● ENTRIES SUPPLIED
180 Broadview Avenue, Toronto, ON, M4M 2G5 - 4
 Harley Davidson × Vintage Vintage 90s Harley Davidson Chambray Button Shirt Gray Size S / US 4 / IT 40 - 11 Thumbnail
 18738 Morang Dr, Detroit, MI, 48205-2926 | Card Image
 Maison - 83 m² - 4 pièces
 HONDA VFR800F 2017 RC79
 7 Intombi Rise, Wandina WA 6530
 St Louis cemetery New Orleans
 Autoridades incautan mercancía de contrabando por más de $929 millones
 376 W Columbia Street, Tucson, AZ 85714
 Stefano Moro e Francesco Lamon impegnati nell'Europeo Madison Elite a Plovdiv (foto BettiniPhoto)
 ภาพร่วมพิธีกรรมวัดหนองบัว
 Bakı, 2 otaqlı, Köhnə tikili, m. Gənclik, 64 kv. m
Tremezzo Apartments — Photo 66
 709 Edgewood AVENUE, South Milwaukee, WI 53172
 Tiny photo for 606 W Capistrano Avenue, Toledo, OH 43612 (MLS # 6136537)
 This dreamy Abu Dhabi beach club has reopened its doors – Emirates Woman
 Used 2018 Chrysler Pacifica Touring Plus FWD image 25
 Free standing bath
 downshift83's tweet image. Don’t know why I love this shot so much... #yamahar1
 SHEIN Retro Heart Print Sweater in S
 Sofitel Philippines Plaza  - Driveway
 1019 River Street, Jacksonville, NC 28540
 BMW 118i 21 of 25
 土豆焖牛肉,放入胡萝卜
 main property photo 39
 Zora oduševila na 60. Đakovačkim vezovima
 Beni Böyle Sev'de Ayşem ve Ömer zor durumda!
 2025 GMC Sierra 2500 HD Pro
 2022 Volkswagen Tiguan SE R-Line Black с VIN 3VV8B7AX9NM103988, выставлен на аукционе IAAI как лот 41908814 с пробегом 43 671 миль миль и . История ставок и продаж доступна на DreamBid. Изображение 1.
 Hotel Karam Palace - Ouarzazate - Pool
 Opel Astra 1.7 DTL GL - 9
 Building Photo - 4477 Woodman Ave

● WHAT YOU NEED TO DO
Scan the records above for the lines holding "main property photo 39" and "2025 GMC Sierra 2500 HD Pro". Transcribe those two and every line between them word for word, and no others.

● WRITTEN RESPONSE
 main property photo 39
 Zora oduševila na 60. Đakovačkim vezovima
 Beni Böyle Sev'de Ayşem ve Ömer zor durumda!
 2025 GMC Sierra 2500 HD Pro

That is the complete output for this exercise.